El lugar invita a rezar una oración por todos aquellos que entregaron su vida por nuestra libertad. Rezar a un Dios, silente, que libre a la humanidad de la  barbarie y que nos libre también, si no es mucho pedir, de tanto sembrador de la iniquidad que campa por el mundo. Los huesos de los muertos nos gritan al oído que la entrega de sus vidas no puede haber sido en vano. El cementerio memorial americano de Normandía permanecerá en la memoria para siempre. Uno echa de menos no haber podido acercarse a las playas del desembarco para rememorar lo ocurrido en aquellos días, no tan lejanos, en que nuestro continente y nuestra civilización se vieron sometidos al aquelarre de una  guerra que sembró la destrucción por toda Europa.

Normandia

De vuelta a lo ordinario, veo de nuevo el documental Sacrificio: del día D a la liberación de París, que impresiona por  el realismo de lo cercano y recupera testimonios directos e imágenes, ahora coloreadas, del avance de las tropas aliadas.

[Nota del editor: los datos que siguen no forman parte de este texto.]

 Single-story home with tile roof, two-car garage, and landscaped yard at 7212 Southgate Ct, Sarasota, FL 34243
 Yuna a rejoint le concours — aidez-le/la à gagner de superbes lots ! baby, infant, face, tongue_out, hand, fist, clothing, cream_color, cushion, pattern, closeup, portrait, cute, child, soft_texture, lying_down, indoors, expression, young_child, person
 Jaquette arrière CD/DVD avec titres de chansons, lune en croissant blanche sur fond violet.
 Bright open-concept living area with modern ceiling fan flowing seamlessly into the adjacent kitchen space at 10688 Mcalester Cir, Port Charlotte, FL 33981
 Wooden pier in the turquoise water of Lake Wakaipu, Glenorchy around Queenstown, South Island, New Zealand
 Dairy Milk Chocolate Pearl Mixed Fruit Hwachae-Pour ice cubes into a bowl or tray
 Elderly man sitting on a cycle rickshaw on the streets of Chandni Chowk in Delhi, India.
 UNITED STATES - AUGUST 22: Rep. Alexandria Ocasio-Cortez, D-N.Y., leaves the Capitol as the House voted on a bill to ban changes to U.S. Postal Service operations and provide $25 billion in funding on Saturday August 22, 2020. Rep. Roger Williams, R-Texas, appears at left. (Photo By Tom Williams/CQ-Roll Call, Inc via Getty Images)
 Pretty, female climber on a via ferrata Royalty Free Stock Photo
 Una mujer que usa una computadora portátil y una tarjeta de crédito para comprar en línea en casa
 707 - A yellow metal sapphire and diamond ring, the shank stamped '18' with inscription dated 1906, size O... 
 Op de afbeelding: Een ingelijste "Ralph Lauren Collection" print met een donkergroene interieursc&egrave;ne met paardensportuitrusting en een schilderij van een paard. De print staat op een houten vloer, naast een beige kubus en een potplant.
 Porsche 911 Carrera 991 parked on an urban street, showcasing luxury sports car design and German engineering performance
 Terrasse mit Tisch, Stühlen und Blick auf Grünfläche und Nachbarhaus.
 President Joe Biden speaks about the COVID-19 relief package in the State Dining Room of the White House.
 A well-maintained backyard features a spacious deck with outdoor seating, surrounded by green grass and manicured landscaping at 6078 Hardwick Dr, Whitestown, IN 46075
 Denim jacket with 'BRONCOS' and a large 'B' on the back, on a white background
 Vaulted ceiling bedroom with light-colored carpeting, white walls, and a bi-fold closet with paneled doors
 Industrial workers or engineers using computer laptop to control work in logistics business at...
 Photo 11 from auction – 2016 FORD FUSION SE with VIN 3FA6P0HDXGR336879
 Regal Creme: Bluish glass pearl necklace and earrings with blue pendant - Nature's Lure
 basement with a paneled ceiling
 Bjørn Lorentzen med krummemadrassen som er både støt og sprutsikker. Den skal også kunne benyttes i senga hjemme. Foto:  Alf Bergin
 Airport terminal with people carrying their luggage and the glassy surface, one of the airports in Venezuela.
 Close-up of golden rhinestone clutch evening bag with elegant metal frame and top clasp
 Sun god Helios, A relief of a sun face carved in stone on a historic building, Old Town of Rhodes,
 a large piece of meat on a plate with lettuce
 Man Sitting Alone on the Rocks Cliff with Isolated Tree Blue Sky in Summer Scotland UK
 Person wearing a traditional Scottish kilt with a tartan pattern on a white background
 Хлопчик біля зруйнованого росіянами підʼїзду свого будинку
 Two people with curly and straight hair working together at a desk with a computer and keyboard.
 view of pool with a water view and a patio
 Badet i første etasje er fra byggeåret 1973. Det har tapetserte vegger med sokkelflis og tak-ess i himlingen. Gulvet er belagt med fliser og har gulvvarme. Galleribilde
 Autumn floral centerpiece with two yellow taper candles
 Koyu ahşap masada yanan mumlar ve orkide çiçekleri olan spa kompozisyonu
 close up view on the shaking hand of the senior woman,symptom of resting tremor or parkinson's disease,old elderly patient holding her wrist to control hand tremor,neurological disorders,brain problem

En estos batallones –formados por jóvenes americanos, ingleses y canadienses–, desde el cruento desembarco en las playas de Normandía el 6 de junio de 1944 hasta la liberación de París, el 25 de agosto de 1944, cuatrocientas mil personas perdieron la vida.

Ese itinerario lo siguió igualmente Ernest Hemingway, que tras el desembarco acompañó a las tropas estadounidenses uniéndose al 22º Regimiento en su avance  hacia París. Durante el camino, escribió  a su futura esposa, Mary Welsh, sobre  la «vida muy alegre y divertida, llena de muertos, botines de alemanes, un sinfín de tiros, un sinfín de peleas, setos, pequeñas colinas, caminos polvorientos, paisajes verdes, campos de trigo, vacas muertas, caballos muertos, tanques, cañones de 88 mm, Kraftwagen, y chicos americanos muertos».

Desde entonces ha habido más guerras. Corea, Vietnam, Ruanda, Siria, Sudán, Los Balcanes, Irak, Afganistán, Siria, Libia y tantas otras. Muchos hombres  han dejado testimonio en sus crónicas no solo de imágenes representativas de la más ignominiosa barbarie y del profundo sinsentido de la guerra, sino de conductas de solidaridad y grandeza de espíritu. A ellas es preciso aferrarse como última esperanza, a pesar de que parezca que, ahora que han perdido la cabeza no pocos gobernantes, el destino nos aboque a otra fatal reyerta más pronto que tarde.